Ms. Leedham, 35, is part of a generation of independent craftspeople working alongside large heritage companies in the gentrifying neighborhood known as the Jewelry Quarter, a hub for makers since the 18th century.

Visitor guides say about 40 percent of all the jewelry made in Britain today is created in the quarter (although no one interviewed for this article could confirm that number). But many in Britain consider the neighborhood — which covers about 270 acres in this multicultural city of more than 1.1 million in the West Midlands region — worth the trip to shop for bespoke items like wedding and engagement rings.

The Jewelry Quarter Development Trust, a group working to revitalize the quarter, estimates that more than 800 jewelry-related businesses, including more than 100 retail shops, operate in the area. They provide jobs for 4,000 people, according to Ben Massey, marketing director for the National Association of Jewelers, which is based here, too.

The trust’s heritage walking trail guides visitors through the mix of old and new storefronts and other points of historical interest. At the Museum of the Jewelry Quarter, visitors can reserve “time capsule” tours that show the museum’s two-story, Victorian red brick building as it was on the day in 1981 when the Smith & Pepper jewelry company closed after more than 80 years at the site.

The quarter also is home to the School of Jewelry, established in 1890 and now part of Birmingham City University, which said that the school’s annual 400-to-500-student enrollment makes it the largest such school in Europe.

But the quarter has been changing, with trendy hotels and organic-food cafes moving in and vacant low-rise brick warehouses being turned into luxury apartments, leading many jewelers to express concern that the trade is being pushed out as spaces are rescued or repurposed and rents inevitably rise.

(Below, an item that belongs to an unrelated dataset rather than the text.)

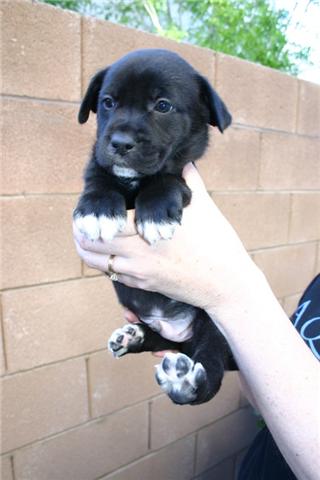 S's Starburst aka Rocky, an adoptable Border Collie in Las Vegas, NV, 89136 | Photo Image 2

The trust’s website, for example, shows a developer’s project, totaling 258 million pounds, or $358 million, to turn a parking lot into “a brand-new neighborhood, including a 39-story tower.” Another developer is turning a derelict pub called the Gothic and neighboring buildings into apartments, a restaurant and a boutique hotel along with what the project’s marketing describes as “commercial/creative spaces” occupied by “local and independent trades.”

A Birmingham City Council spokesman issued a statement that said: “We welcome investment and new developments in Birmingham, and the council is committed to achieving inclusive growth that benefits everyone in all of our communities. We will continue to do everything we can to ensure this is the case through our involvement in the ongoing regeneration of the Jewelry Quarter and other parts of the city.”

Ms. Leedham has, at least so far, avoided having to move.

“I don’t have a big shiny, posh workshop,” she said. “I have a dusty, Victorian workshop with history and memories and broken windows and people who visit love it because it’s authentic and I believe that’s how it should be. I handcraft everything; that’s massively important, too.”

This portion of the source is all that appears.